<<<<

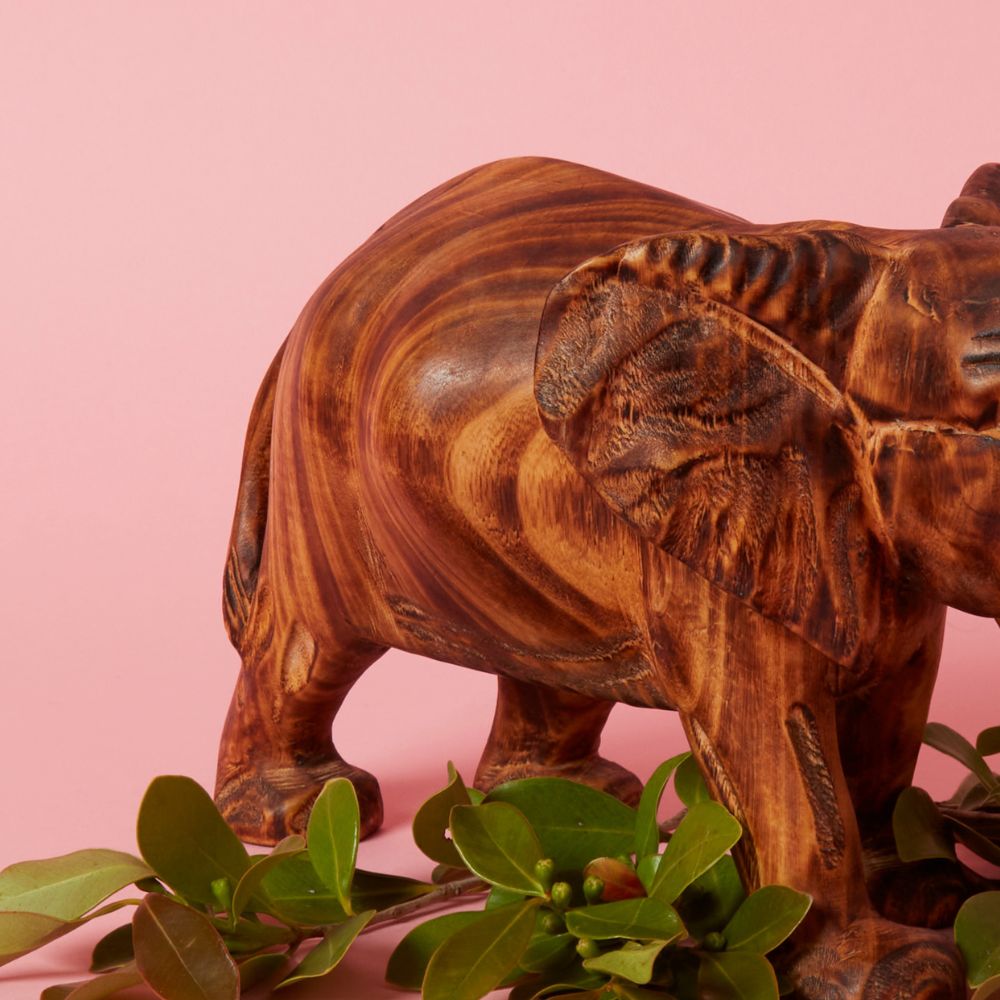 Seared Wood Large Elephant Sculpture
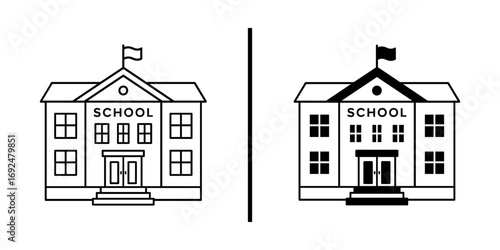 School Building Icon: A simplistic outline of a classic school building, perfect for educational or architectural illustrations. Capturing educational institution's shape and essence.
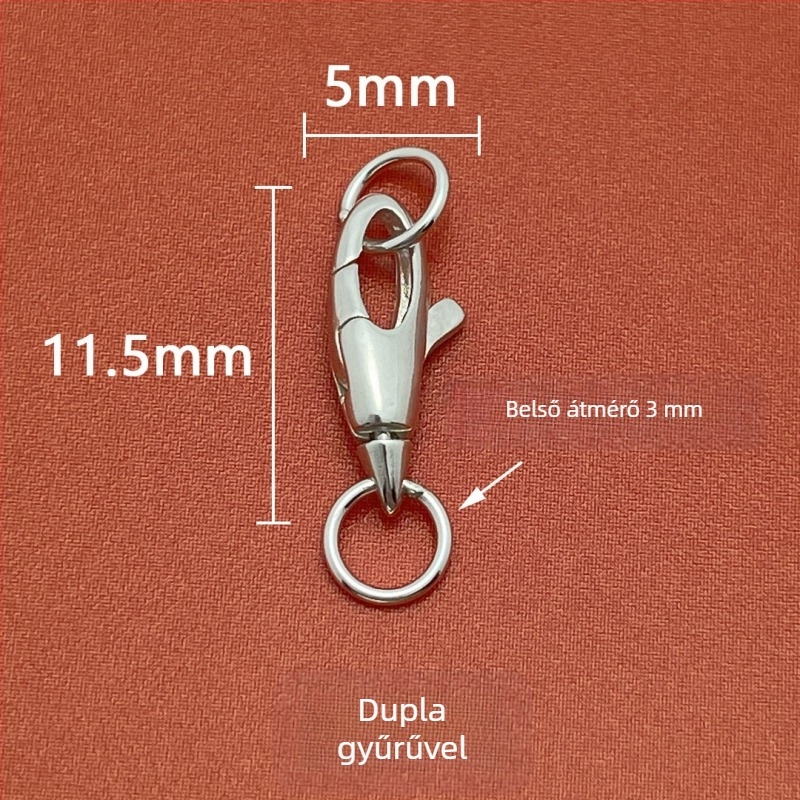 DIY ékszerkapcsoló — S925 ezüst, négyzet alakú záróelem, gyöngyházfényű felület, 925 tisztaság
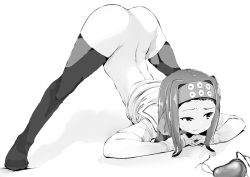 Rule 34 | 1girl, arched back, ass, girls und panzer, hands on the ground, jack-o&#039; challenge, meme, ooarai school uniform, saemonza (girls und panzer), school uniform, shy, socks, solo, spread legs, thighhighs, waiting, wide spread legs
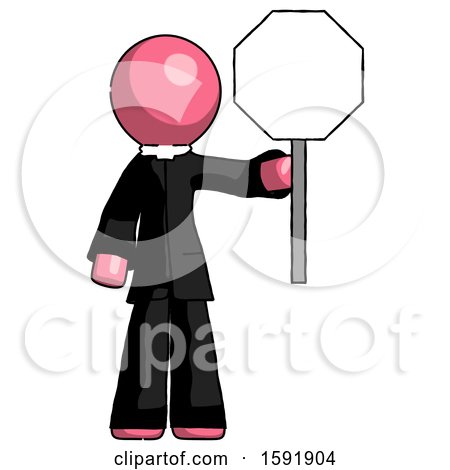 Pink Clergy Man Holding Stop Sign by Leo Blanchette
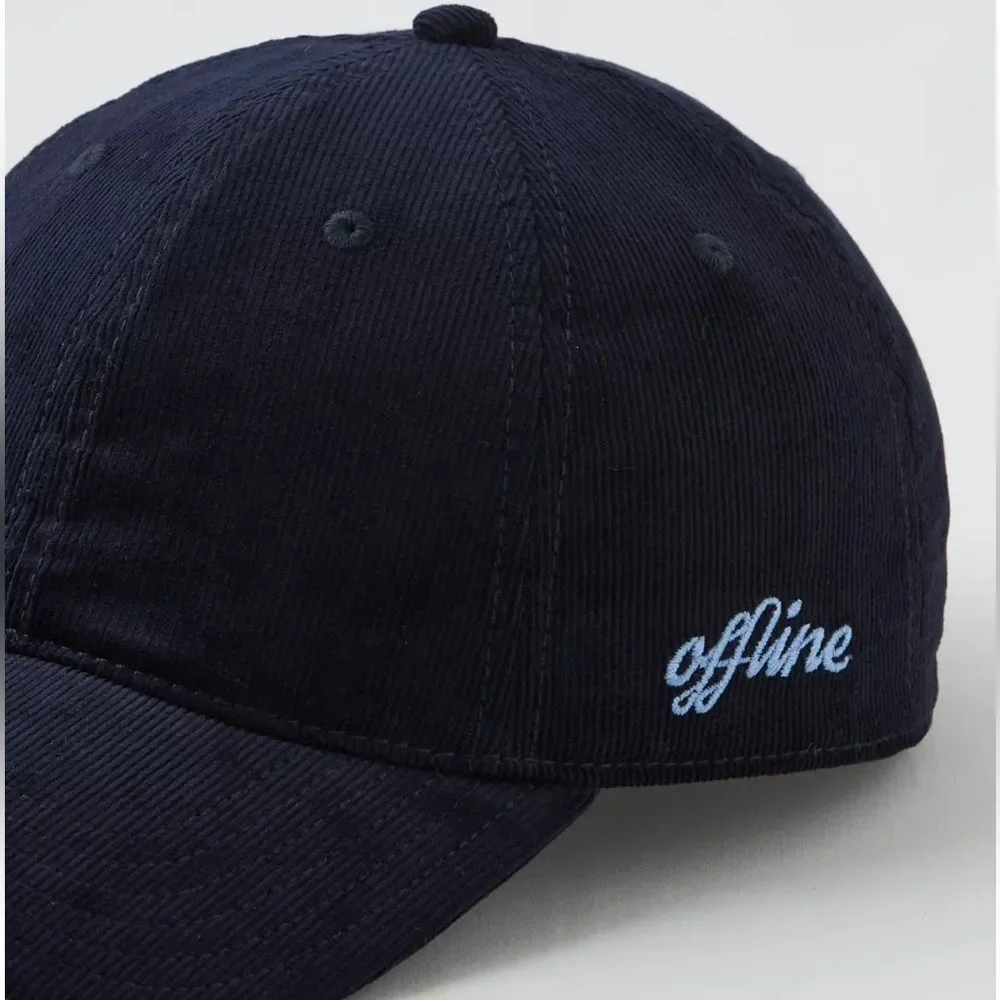 OFFLINE Navy Blue Corduroy Baseball Hat Cap Embroidered Light Blue Logo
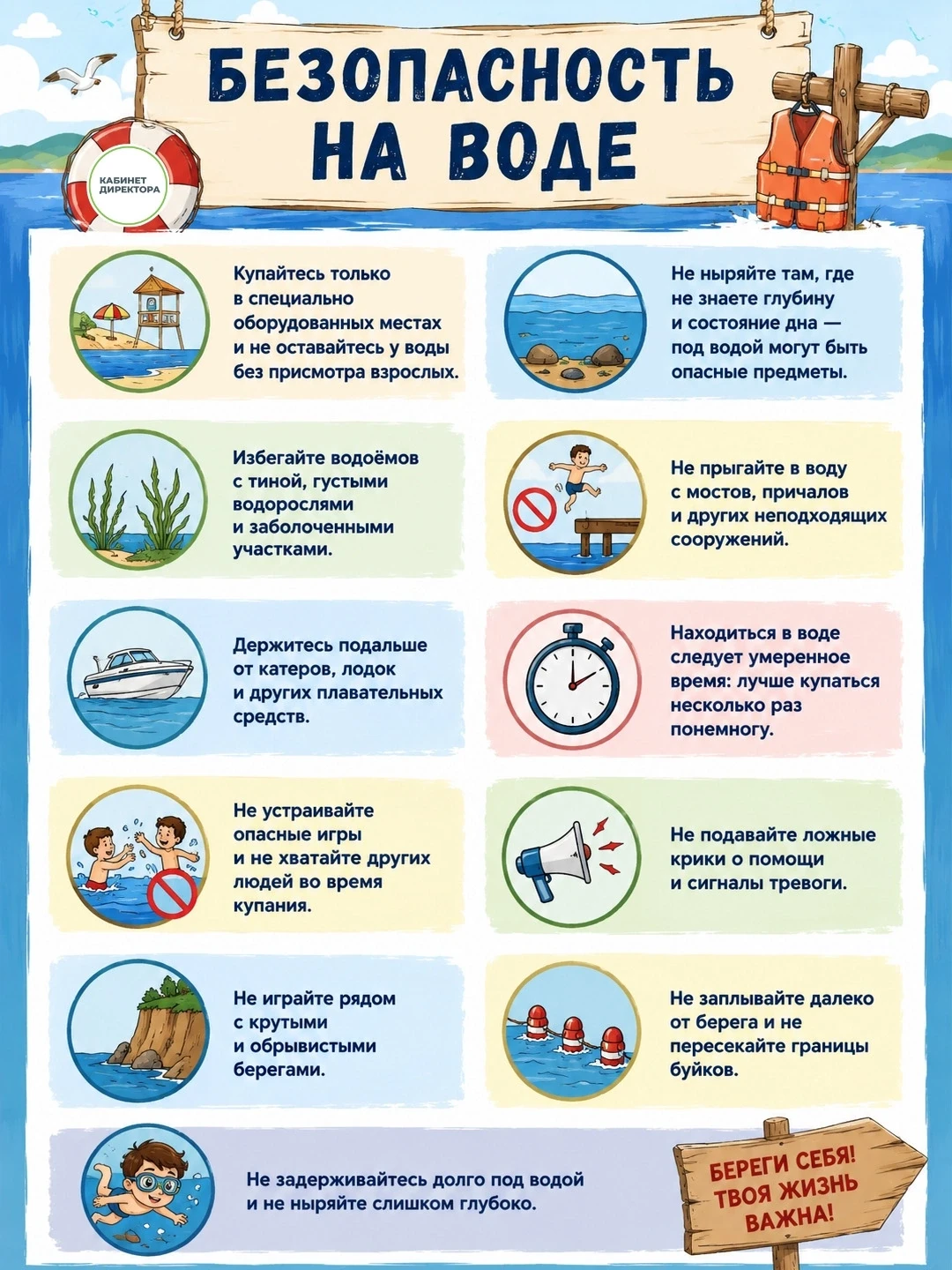 🌊 Памятка: Правила безопасности на воде 
🏊‍♂☀ Лето и жара всегда манят нас к водоемам! Но вода не 
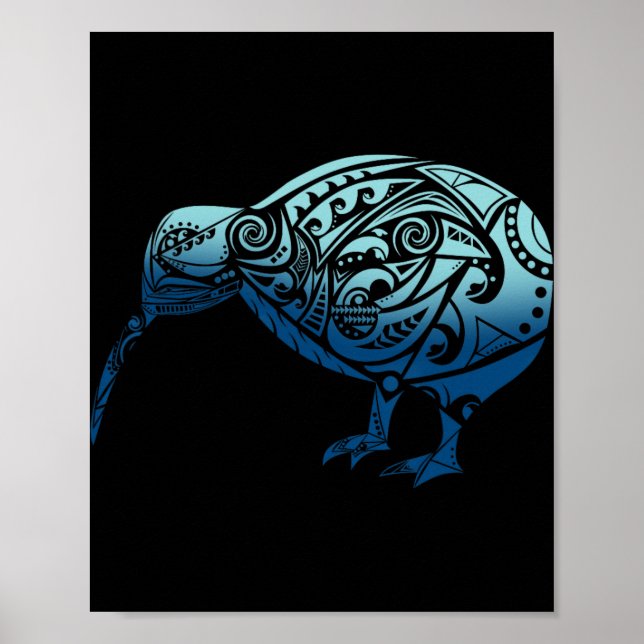 Lynesia Maori Kiwi Bird Ocean Blue New Zealand  Poster (Front)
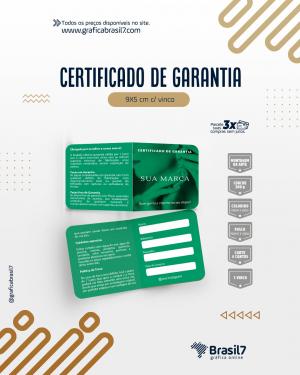 Certificado de garantia para semijoias Couche 300g 9x5cm (aberto), 4,3x4,8 (fechado) 4x4 impressão F/V Fosco 4 cantos arredondados 1 Vinco Central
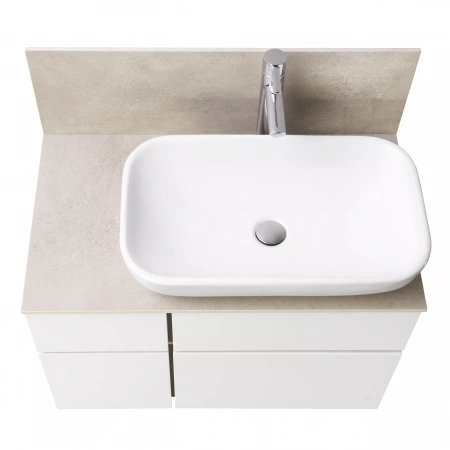 Тумба под раковину Акватон Мишель 1A244501MIX40 80 см дуб эндгрейн/белый фото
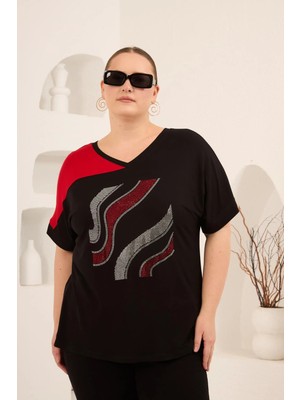 Rmg Taş Baskılı Büyük Beden Garnili Tişört Siyahkırmızı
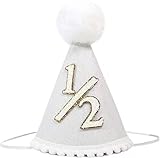 QENWWENG White Half Birthday Hat -Baby 1/2 Birthday Cone Hat,Six Months Party Decorations,Baby Party Supplies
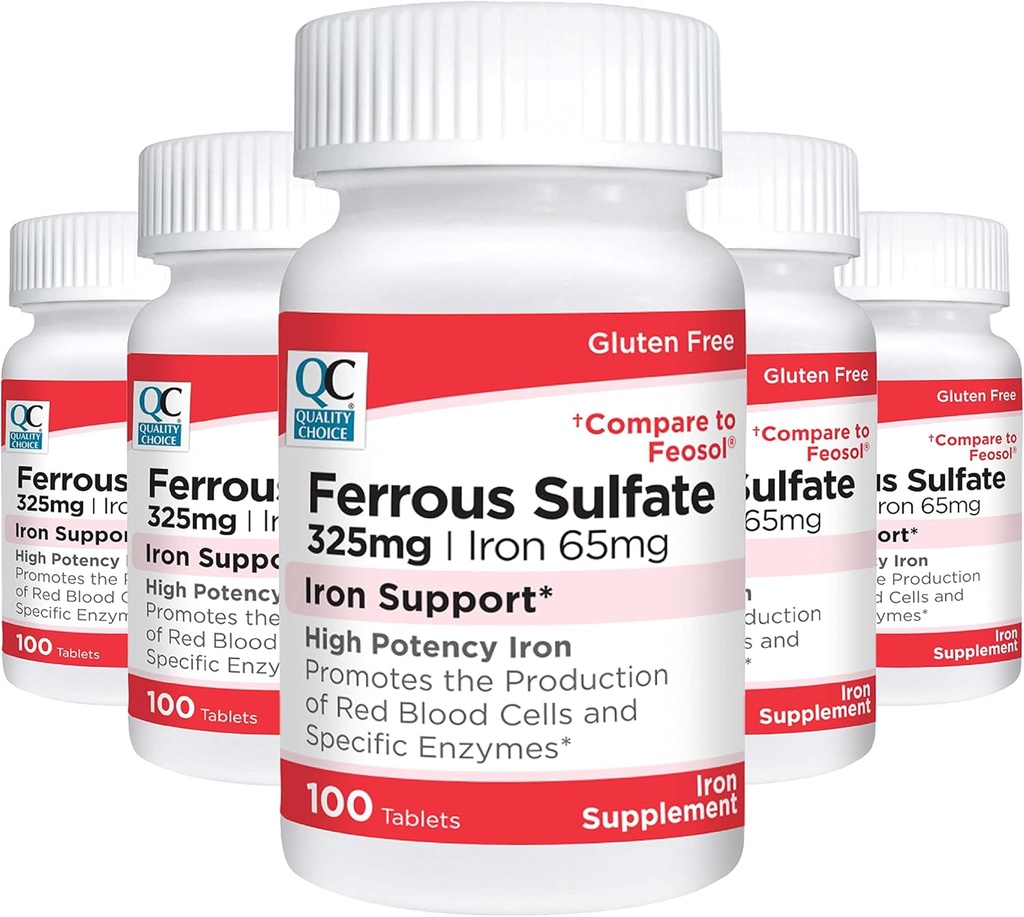 איכות בחירת ברזל 65 מ"ג (325 מ"ג פרייזר Sulfate) גבוה בטיחות ברזל גלולות תוספת טבליות ב 100 Count Bottles (5 Pack)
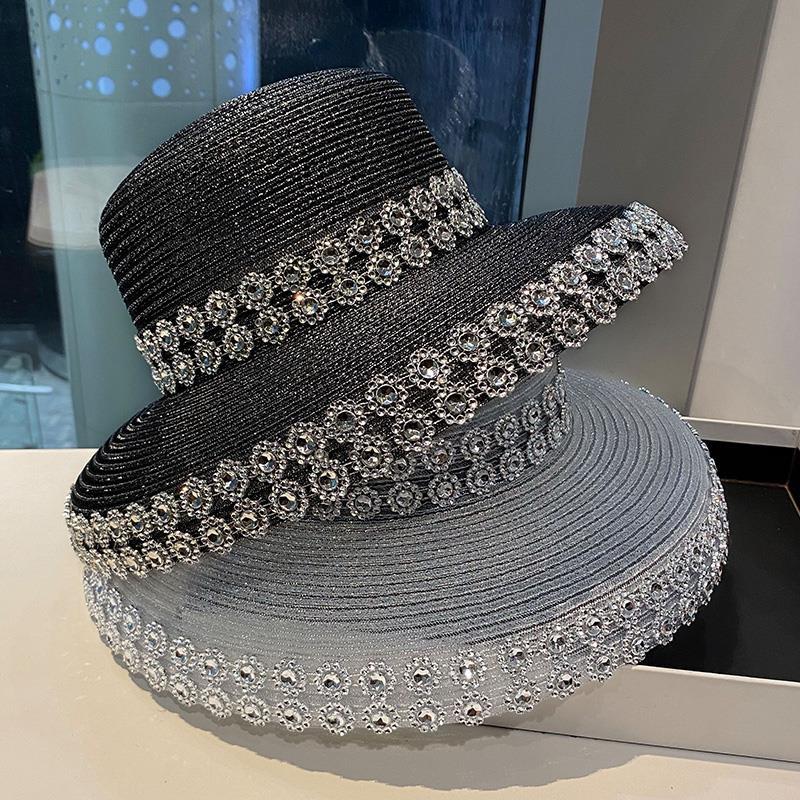 Hut Damen Frühling und Sommer Sonnenschutz Atmungsaktiv Retro Sonnenhut Damen Modischer Hut Vielseitiger Reise-Shopping-Strandhut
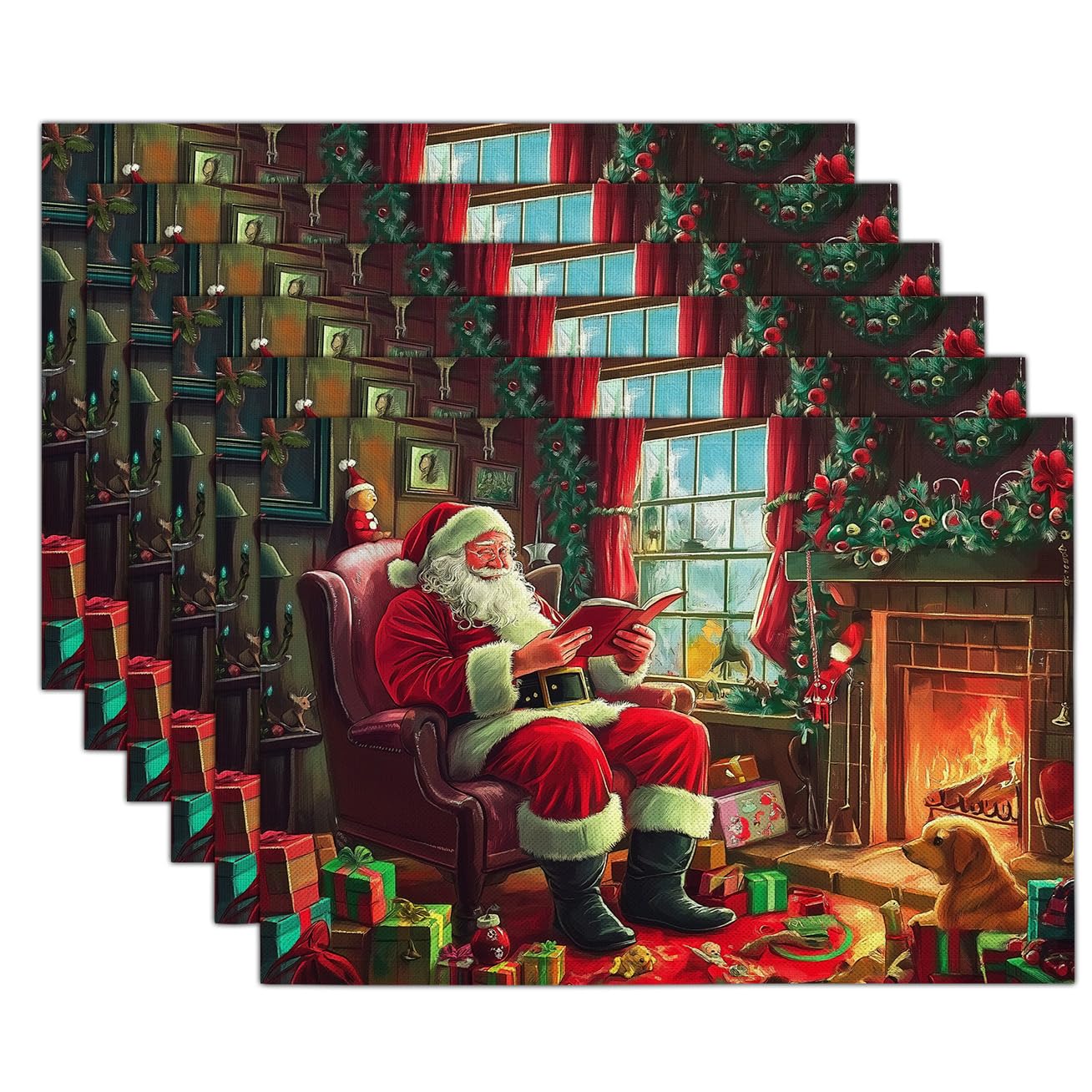 Sets de table illustrations de cadeaux décoration de table Noël rouge 6 pcs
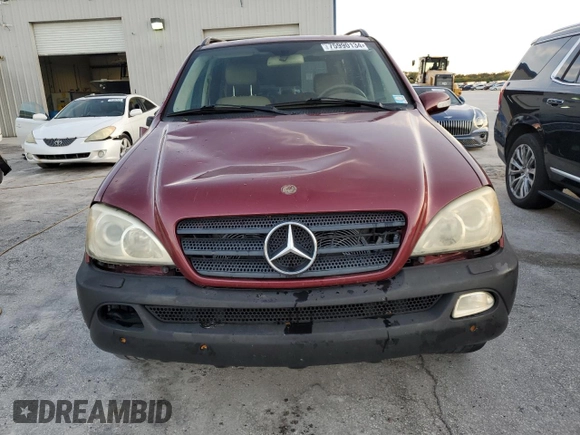 2002 Mercedes-Benz M-Class with VIN 4JGAB54E72A300774, listed as a Copart auction lot 75990134 with 312,541 mi miles and Salvage Title. Bid and sale history available at carsss.com. Image 5.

>>>>

> [AIM OF THE TASK]:
Leaving out the pictures, output the listing above exactly as given.

> [ANSWER TO THE EXERCISE]:
 Seared Wood Large Elephant Sculpture
 School Building Icon: A simplistic outline of a classic school building, perfect for educational or architectural illustrations. Capturing educational institution's shape and essence.
 DIY ékszerkapcsoló — S925 ezüst, négyzet alakú záróelem, gyöngyházfényű felület, 925 tisztaság
 Rule 34 | 1girl, arched back, ass, girls und panzer, hands on the ground, jack-o&#039; challenge, meme, ooarai school uniform, saemonza (girls und panzer), school uniform, shy, socks, solo, spread legs, thighhighs, waiting, wide spread legs
 Pink Clergy Man Holding Stop Sign by Leo Blanchette
 OFFLINE Navy Blue Corduroy Baseball Hat Cap Embroidered Light Blue Logo
 🌊 Памятка: Правила безопасности на воде 
🏊‍♂☀ Лето и жара всегда манят нас к водоемам! Но вода не 
 Lynesia Maori Kiwi Bird Ocean Blue New Zealand  Poster (Front)
 Certificado de garantia para semijoias Couche 300g 9x5cm (aberto), 4,3x4,8 (fechado) 4x4 impressão F/V Fosco 4 cantos arredondados 1 Vinco Central
 Тумба под раковину Акватон Мишель 1A244501MIX40 80 см дуб эндгрейн/белый фото
 Rmg Taş Baskılı Büyük Beden Garnili Tişört Siyahkırmızı
 QENWWENG White Half Birthday Hat -Baby 1/2 Birthday Cone Hat,Six Months Party Decorations,Baby Party Supplies
 איכות בחירת ברזל 65 מ"ג (325 מ"ג פרייזר Sulfate) גבוה בטיחות ברזל גלולות תוספת טבליות ב 100 Count Bottles (5 Pack)
 Hut Damen Frühling und Sommer Sonnenschutz Atmungsaktiv Retro Sonnenhut Damen Modischer Hut Vielseitiger Reise-Shopping-Strandhut
 Sets de table illustrations de cadeaux décoration de table Noël rouge 6 pcs
 2002 Mercedes-Benz M-Class with VIN 4JGAB54E72A300774, listed as a Copart auction lot 75990134 with 312,541 mi miles and Salvage Title. Bid and sale history available at carsss.com. Image 5.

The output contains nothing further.